With the Neptune-MLflow integration, you can export run metadata from MLflow to Neptune.

In development

We're working on the plugin component of the integration, which lets you log metadata to Neptune and MLflow simultaneously.

See example in Neptune  Code examples 

Before you start#

Installing the integration#

To use your pre-installed version of Neptune together with the integration:

pip install -U neptune-mlflow

To install both Neptune and the integration:

pip install -U neptune neptune-mlflow

Exporting MLflow runs to Neptune#

neptune-notebooks incompatibility

Currently, the CLI component of the integration does not work together with the Neptune-Jupyter extension (neptune-notebooks).

Until a fix is released, if you have neptune-notebooks installed, you must uninstall it to be able to use the neptune mlflow command.

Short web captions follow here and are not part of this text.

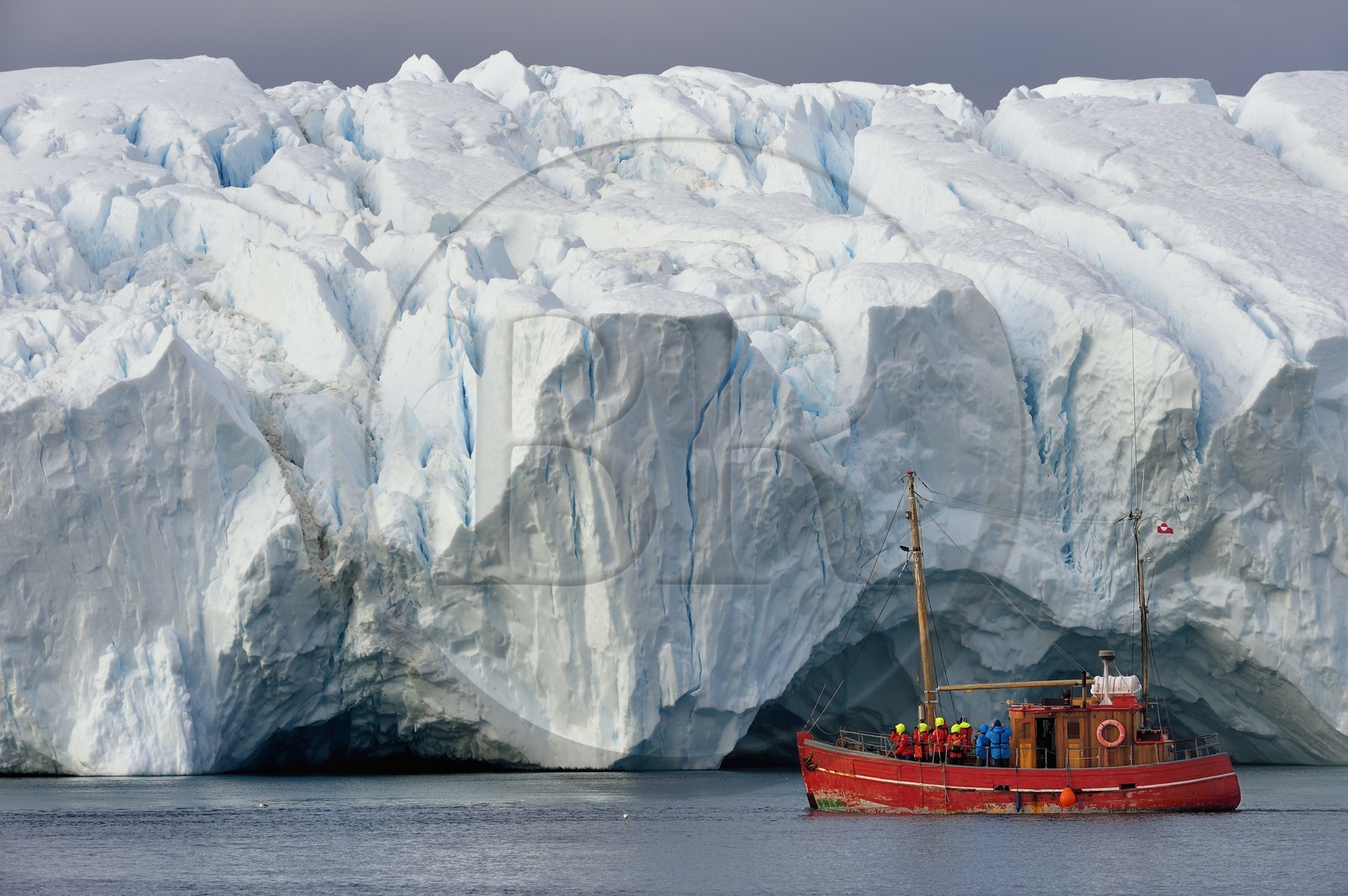 Groenland, cote ouest, baie de Disko, Ilulissat, fjord glacé classé Patrimoine Mondial de l'UNESCO qui est l’embouchure maritime du glacier Sermeq Kujalleq, ancien bateau de pêche reconverti pour la découverte des icebergs et l'observation des baleines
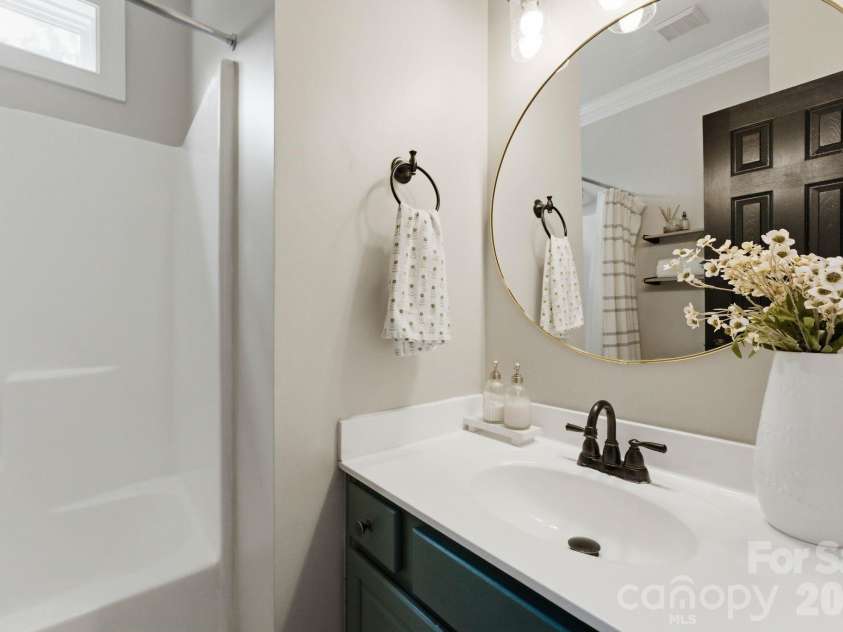 15007 Taylor Ridge Lane, Charlotte, NC 28273.  MLS# CAR4370463, YatesRealty ID 25348. Full Bathroom Main Level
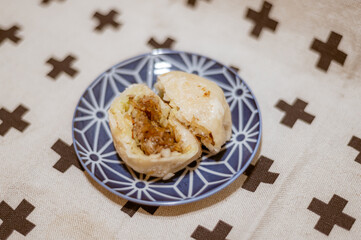  Pan-fried bun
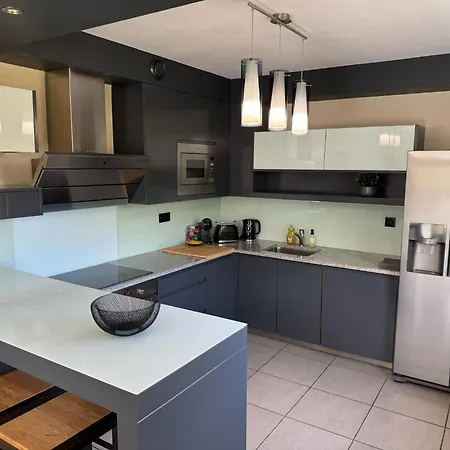 Maison Avec Jardin Proche A75 Et Centre-ville *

You can export your logged metadata from MLflow to Neptune with the neptune mlflow CLI command:

neptune mlflow

If you haven't set your credentials as environment variables, you can also pass them as arguments:

neptune mlflow --api-token YourNeptuneApiToken --project YourProjectName
How do I save my credentials as environment variables?

Set your Neptune API token and full project name to the NEPTUNE_API_TOKEN and NEPTUNE_PROJECT environment variables, respectively.

For example:

export NEPTUNE_API_TOKEN="h0dHBzOi8aHR0cHM.4kl0jvYh3Kb8...6Lc" # (1)!
  1. On Windows, the command is set instead of export.
export NEPTUNE_PROJECT="ml-team/classification" # (1)!
  1. On Windows, the command is set instead of export.

Finding your credentials:

  • API token: In the bottom-left corner of the Neptune app, expand your user menu and select Get your API token.
  • Project: Your full project name has the form workspace-name/project-name. To copy the name, click the menu in the top-right corner and select Edit project details.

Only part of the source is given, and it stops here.